Another thing is, it is also possible that `n.Status()` could be blocked if the event loop in the `run` function does not handle the status channel in time, potentially allowing for the 4th iteration takes more time to execute, and give time for the Leader update. Meaning 3th iteration still don't have a Leader, while 4th iteration elected one.(Not sure about this)
MrDXY commented 6 months ago

Hi @pav-kv , I would like to submit a pull request to address this issue. My proposed solution involves using -1 as the initial value of 'lindex' to prevent confusion between 'not found' and 'first element'. The code would look something like this. Would this solution be acceptable to you?
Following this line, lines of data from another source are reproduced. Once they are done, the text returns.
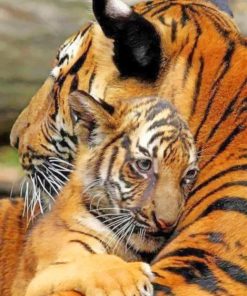 Mother And Baby Tiger paint by numbers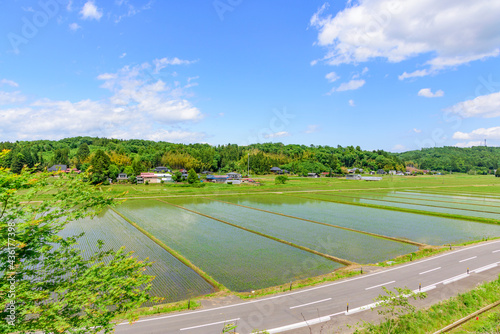 宮城 小さな村の田植えの後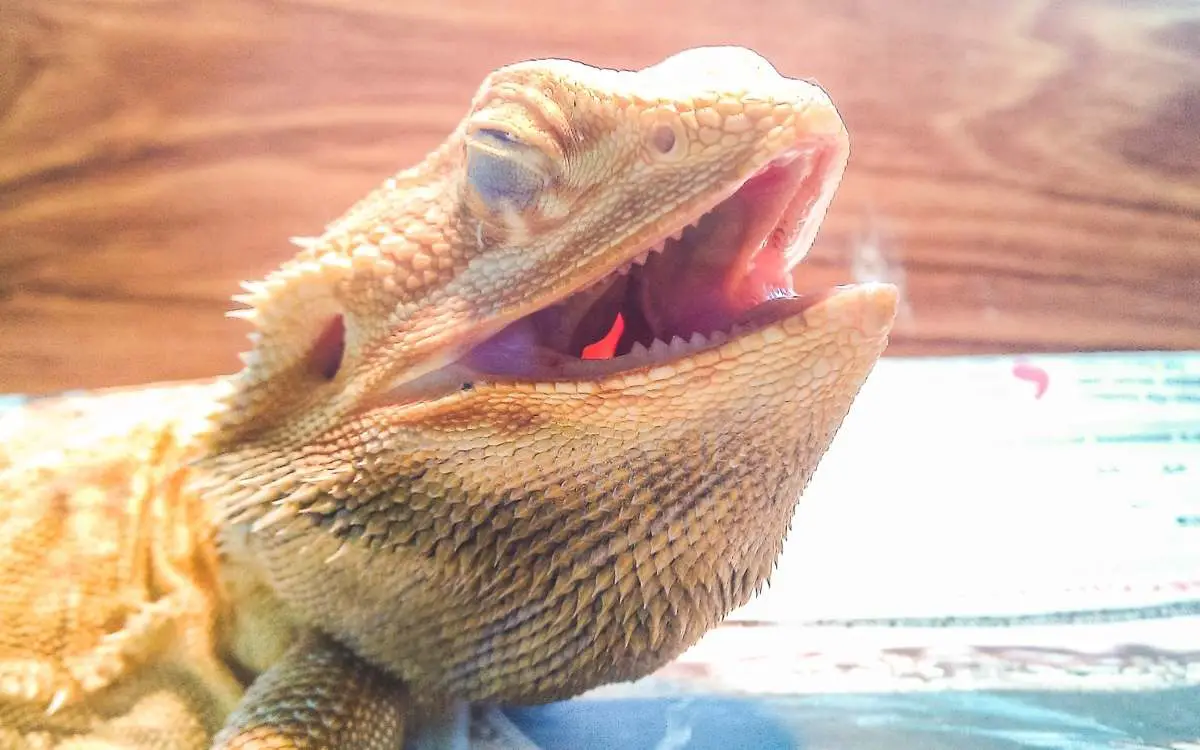 bearded_dragon_discolored_mouth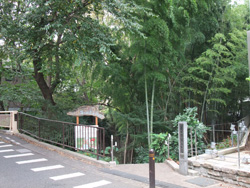 ���ӊ��P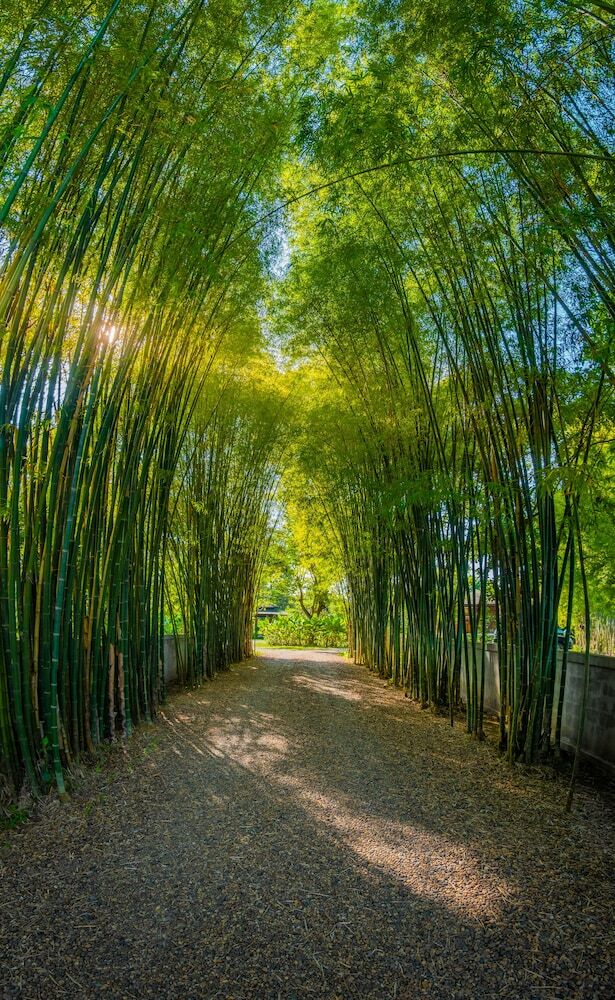 Apartamento The River Resort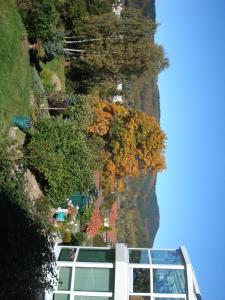 a bus is parked next to a hill with trees at Ferienwohnung Bergblick in Zella-Mehlis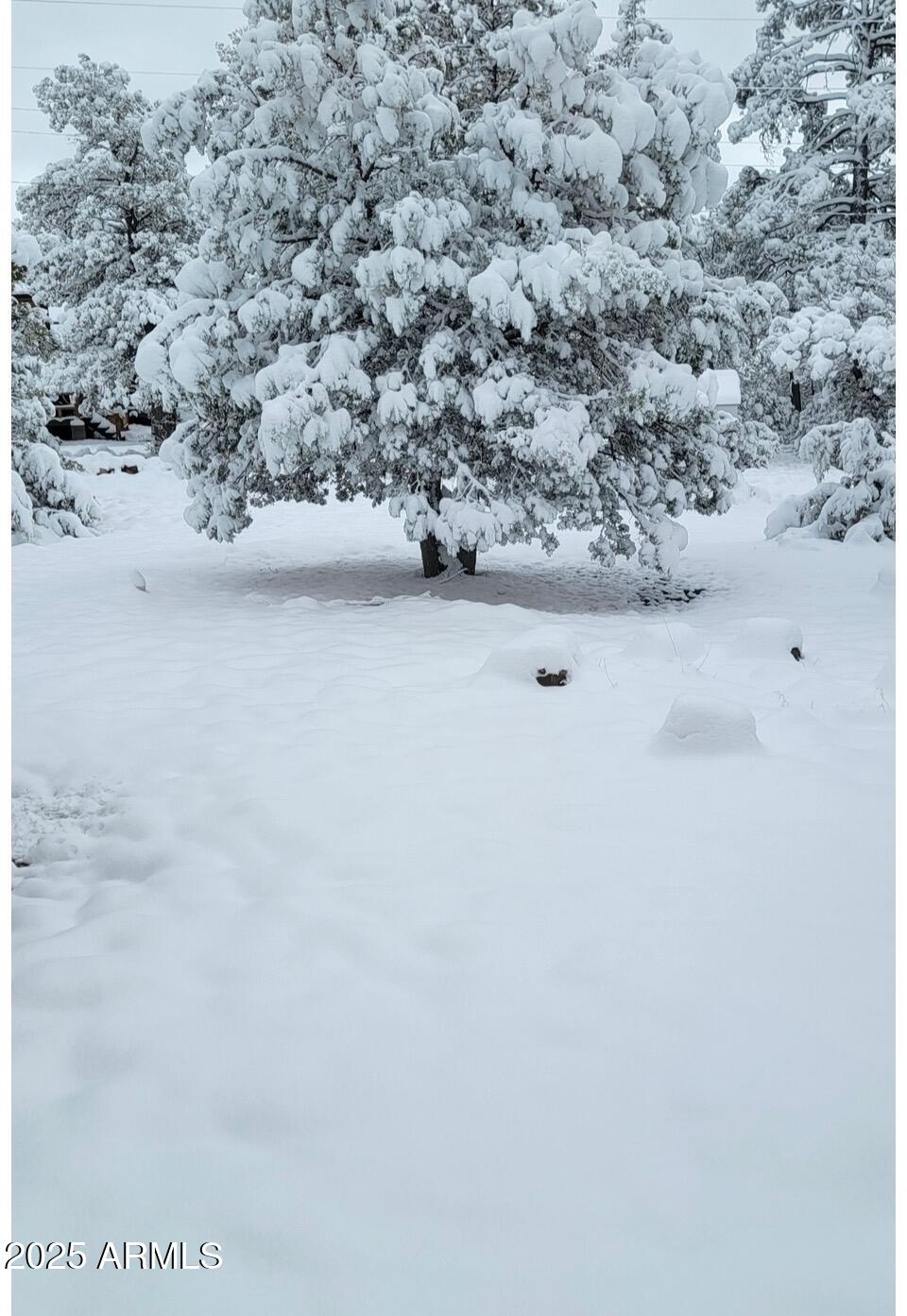 2927 Wildcat Trail Overgaard, AZ 85933 - Photo 7 of 18 Backyard winter wonderland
func waitLeader(ns []*node) int {
    var l map[uint64]struct{}   
    // Use -1 instead of 0 to avoid confusion between 'not found' and 'first element'.
    var lindex = -1

    for {
        l = make(map[uint64]struct{})

        for i, n := range ns {
            lead := n.Status().SoftState.Lead
            if lead != 0 {
                // Set l[lead] if lead != 0 to detect a two-leader case. Since a follower can also have an old leader.
                l[lead] = struct{}{}
                // Update lindex when a node itself becomes a leader to avoid setting a follower's old leader as lindex.
                if n.id == lead {
                    lindex = i
                }
            }
        }

        if len(l) == 1 && lindex != -1 {
            return lindex
        }
    }
}
MrDXY commented 5 months ago

Hi @pav-kv , Whenever you get a chance, would you mind taking a look at this proposal? No pressure at all, I'd just really appreciate your input and ideas. Thanks!